I have found that a Facebook account is slowly becoming a necessity. People are beginning to ignore more direct ways of actually talking to each other, and are instead simply using Facebook. Its apps are pointless, yet people treat them like they are insanely important and you absolutely MUST send them to everyone you know.

A personal story of my own may also help. I am in my high school's Repertory Theater, and the cast has frequent social events where we all just get together and hang out. Two such events I almost completely missed because the announcements of them were on Facebook, and Facebook only. There was no mention of them anywhere else, especially not during rehearsal.

I believe that it has come to the point where people simply expect you to have a Facebook account. In addition to whether or not you agree with this, there is also the question of whether this being a fact would be positive or negative. I personally believe it would be negative, but I'm interested to see what you all think.
 

pyrotek7x7

Smash Ace
Joined
Aug 16, 2005
Messages
541
Location
USA
My first thought is just that Facebook has spread in different areas. It sounds like your school is quite reliant, but others may not be.

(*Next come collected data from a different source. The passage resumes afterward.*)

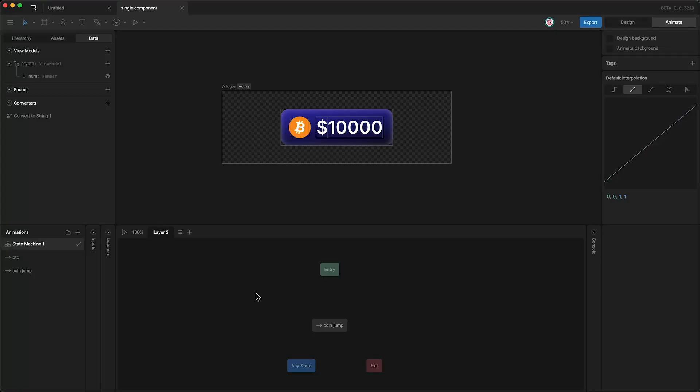Hello there! I just want to make a quick video showcasing a brand new feature that has just dropped in Rive, and that is the ability to detect changes of ViewModel properties. What do I mean by this?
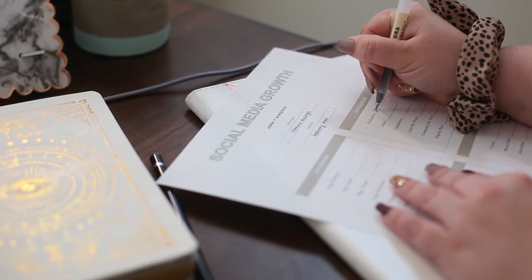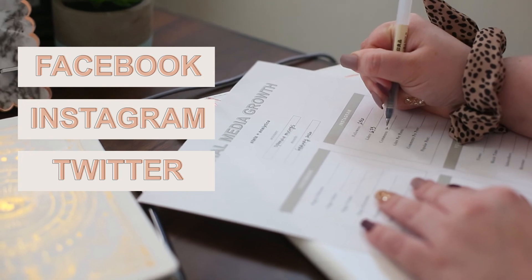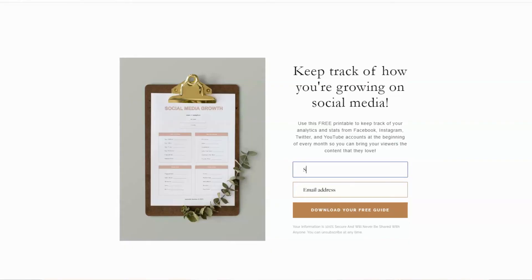Now that you've learned about all the important reasons for keeping track of your social media analytics, are you finding that you need an easy and cohesive way to write it all down? I created a PDF of the very same sheet that I print out at the beginning of every single month to write down all of my analytic information — tracking growth on Facebook, Instagram, Twitter, and YouTube. You can download this guide for free when you click the link in my description box and become a part of the email newsletter family, and this printable will be sent directly to your email inbox.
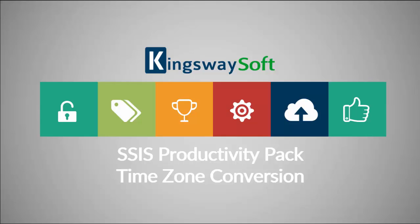Thank you for watching this video from Kingswaysoft. Today I will be introducing the Time Zone Conversion component from within the SSIS Productivity Pack.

Apps aren't always being treated as insanely important. I never use them, they're boring and silly. Some people do use them, and the only reason they send it to others is because it requires you to do so. The only problem I do have with Facebook is how every, and I mean EVERY application wants you to invite others. Each invite I receive I will ignore, but it still can get annoying.

Facebook may just end up becoming a bulletin board for the world. I wouldn't mind that at all.
 

Firus

You know what? I am good.
BRoomer
Joined
Apr 7, 2008
Messages
7,681
NNID
OctagonalWalnut
3DS FC
0619-4291-4974
It's becoming more prominent than it should be in my opinion. People abuse status messages by making them minute-by-minute updates on what they're doing. Who cares?

The apps are definitely pointless. Especially really caddy ones like the Honesty Box, Compare People, and Top Friends. I refuse to get those apps, because they are going to hurt things. Like, seriously; who RANKS their friends and tells them their ranking? That's so superficial.

Mostly, I find it to be rather useless personally since only a handful of my good friends actually use it, and those who do barely use it anyways. It has been an effective form of communication when they use it, though, which I see nothing wrong with.

In your case, however, Darkurai, that's ridiculous. There's nothing wrong with contacting you via Facebook, but if they're given the opportunity in person, it's stupid that they wouldn't try that as well.
 

Oracle

Smash Master
Joined
Apr 15, 2008
Messages
3,471
Location
Dallas, TX
It's definitely becoming more prominent. But is that actually bad?

The problem is that some people can't discern the difference between actually being social and using facebook. Facebook will never be a replacement for actually going out and doing things. Some of the nerdy type people, however, use only facebook as their method for talking to friends and such. It should be used to set up events, talk to people in situations that prevent them from being social (ie. a school day), etc.
 

Firus

You know what? I am good.
BRoomer
Joined
Apr 7, 2008
Messages
7,681
NNID
OctagonalWalnut
3DS FC
0619-4291-4974
Actually, the irony of that is that it's not necessarily nerdy people who use Facebook constantly. Facebook may be on the internet, where it's generally geeky to spend all of your time, but Facebook itself is "cool" and, as Darkurai said, people expect you to have a Facebook account. I could be wrong in this, but I'm pretty sure it's the more popular people who can't discern between real socializing and Facebook.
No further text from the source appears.